Unfortunately there is a regressing trend in human rights advancement across the globe, and Muslim-majority countries are no exception. Women have always been able to raise their voices even at the hardest of times – under colonialism, war, occupation. Although we name these ‘women’s movements’, they often are born from a context of being anti-oppression in the broadest definition of that word. Here I’d like to mention and pay tribute to the awe-inspiring women’s movements in the Arab world. The late Nawal El Saadawi said in a BBC interview that no individual ruler can bring rights to women, or to anybody else for that matter, and that women will have to organize themselves. I think one of the tenets of Orientalism is to think of women living in Muslim societies as oppressed and second class. While it is true that some interpretations of Islam may allow this sort of treatment, there is always the other side of that medallion, which is women’s rebellion against oppression. And if we do not see that, we are not seeing the whole picture, which paves the way to narratives like ‘feminism was imposed on Middle Eastern women’ that are misleading.
The gist of the matter here is that even in places where the imprint of Islam is much stronger than in Turkey, there have always been women’s movements, long before ‘the West’ made it a thing and gave it a name. I think women’s rights as an inherently western or modern invention is a myth, and one that conservatives have exploited much to their advantage.
My work bringing together experts in different sectors to discuss solutions to common problems has shown me that the more we streamline women into discussions on issues like security, development or environment, the better our policies are.
I think we should stop seeing women in Muslim countries by default as victims and instead support their ongoing struggles. How can European feminists and liberals support the struggle of Turkish women’s rights activists? One thing I would suggest is to acknowledge and appreciate the whole rainbow of minority, feminist and other human rights movements of the country and agree that women face similar problems as elsewhere: the glass ceiling, gender pay gap, sexual harassment, household work burden, etc. How can we cooperate?
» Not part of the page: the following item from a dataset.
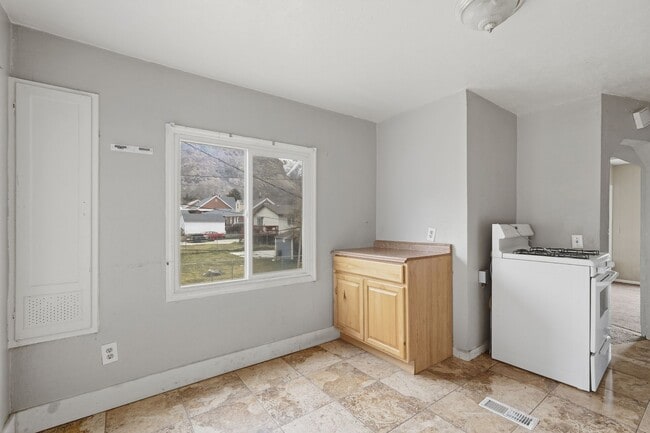 1436 Swan St in Ogden, UT - Building Photo - Building Photo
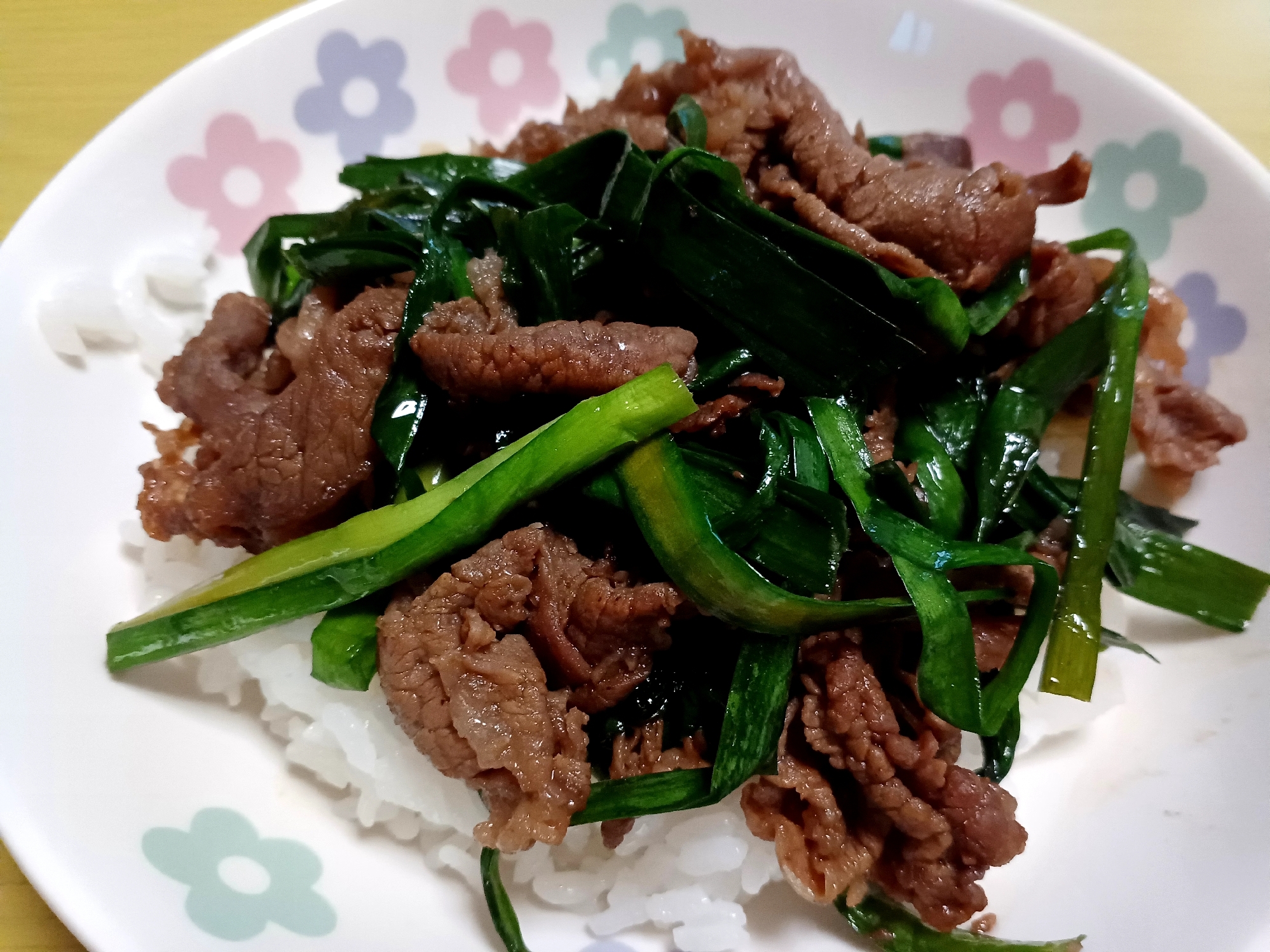 牛しぐれのにら丼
It would be important to express solidarity, create better linkages such as European Women’s Lobby, and be informed and work on training and capacity building, and support women’s cooperatives. When abortions were finally made legal in Argentina, it had effects here – because it raised hopes that unifying helps us succeed even as far as South America. Women’s rights advocates are not just “angry women”, they are striving for better legal protection, for better opportunities, for equality. I do think there is something to be said there to the general society, let it be liberal or conservative. It is not okay to NOT have equal pay, equal opportunities, equal parental leave and talk of household work as if it is a women’s issue. No matter if you are in Estonia, Turkey, USA or Iran, these barriers or invisible walls are similar everywhere. It is not easy to demolish these centuries’ old biases and political, social and economic structures, but we have to do it. It is the 21st century.